‘Tipsy mackerel’ to go on sale in Yamaguchi Prefecture

The Yomiuri Shimbun
A tipsy mackerel cultivated with food mixed with sake lees

YAMAGUCHI — Sales of mackerel grown with food mixed with sake kasu, or pressed sake lees, will go into full swing in fiscal 2022 starting in April in Yamaguchi Prefecture, one of the nation’s major sake production centers.

Dubbed “tipsy mackerel,” the fish is said to have more flavor than ordinary mackerel. The Yamaguchi prefectural government hopes to promote the product across the country as a new brand of fish.

At the Hajimari no Restaurant Kashima in Abu in the prefecture, a set meal of tipsy mackerel sashimi and grilled tipsy mackerel was offered as a limited menu item through the end of January, and it proved popular.

“Customers were surprised at the good taste and lack of fishy smell,” said Norie Yamamoto, the 68-year-old restaurant manager.

The 2,000 slightly drunk mackerel, which were cultivated on a trial basis by fisheries companies in the prefecture, were sold to restaurants and other facilities in the town last autumn. The fish had sold out by January.

The prefecture is home to many famous sake breweries, such as Asahi Shuzo Co. in Iwakuni, which produces internationally renowned Dassai, and Sumikawa Sake Brewery Inc. in Hagi, the maker of Toyo Bijin, which was highly praised at the 2016 Japan-Russia summit.

On the other hand, the growth of fish in Yamaguchi Prefecture is slower than that of fish in Kyushu and other regions due to the low water temperature of the Sea of Japan in winter. So the scale of fish culturing is small in the prefecture and mackerel farming was rarely carried out.

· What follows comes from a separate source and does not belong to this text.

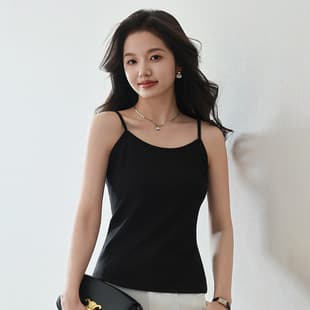 New Camisole Tank Top for Women, Spring Autumn Slim Fit Layering Top, Basic Short Contrast Color Top.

Given that, an official of the prefectural government’s fisheries promotion division wondered if there was a way for the local fisheries industry to take advantage of the momentum enjoyed by local sake breweries, zeroing in on the large amount of sake lees left when sake is produced. The official then came up with the idea of adding value to small mackerel caught locally in the Sea of Japan by feeding them sake lees.

The prefectural government launched research in fiscal 2019. Initially, sake lees were mixed into food for fish at a 4:6 ratio. The mixture was fed to adult mackerel, but the mackerel spit it out in many cases.

Through trial and error, the researchers found that if sake lees were dissolved in water and mixed into the fish feed at the ratio of 2:8, the fish ate it like their regular food.

When the mackerel were given food containing sake lees for two weeks to a month, the amount of both glutamic acid, which is an umami component, and alanine, a sweet component, increased by about 10%, and the aroma of sake was detected in the fish meat.

“The data clearly shows that these fish taste better than ordinary mackerel,” said Nobuhiko Shiraki, a researcher at the Yamaguchi Prefectural Fisheries Research Center in Nagato.

The prefectural government and other participating parties branded the fish “tipsy mackerel” to put it on the market.

They set three criteria for certifying tipsy mackerel: weighing 500 grams or more; fed with food containing 20% sake lees for at least 15 days before shipment; and shipped within a week after feeding is stopped.

In the next fiscal year, fishery business operators will work together with sake breweries to cultivate 17,000 slightly drunk mackerel and market them.

According to the prefectural sake brewers’ association, sake lees are often used for kasuzuke pickles, but it had been a challenge to find a way to utilize the surplus sake lees with demand for pickled vegetables falling.

“If the sake lees can be used as food for fish, it will become a new way of using sake lees and we are grateful for that,” said Toshiro Yamagata, the chairman of the association.

Hidenori Watanabe of the prefectural fishermen’s association also welcomes the initiative, saying, “We want to use tipsy mackerel to promote fish from the prefecture across the nation.”

According to the Fisheries Agency, the annual consumption of fish and shellfish per capita has continued to decline. In 2011, the figure was 28.5 kilograms, lower than meat at 29.6 kilograms, and fell further to 23.4 kilograms in fiscal 2020.

“If there are more such brand-name fish that make use of distinctive characteristics of each region, that would help raise consumer interest in eating fish,” an official of the agency said.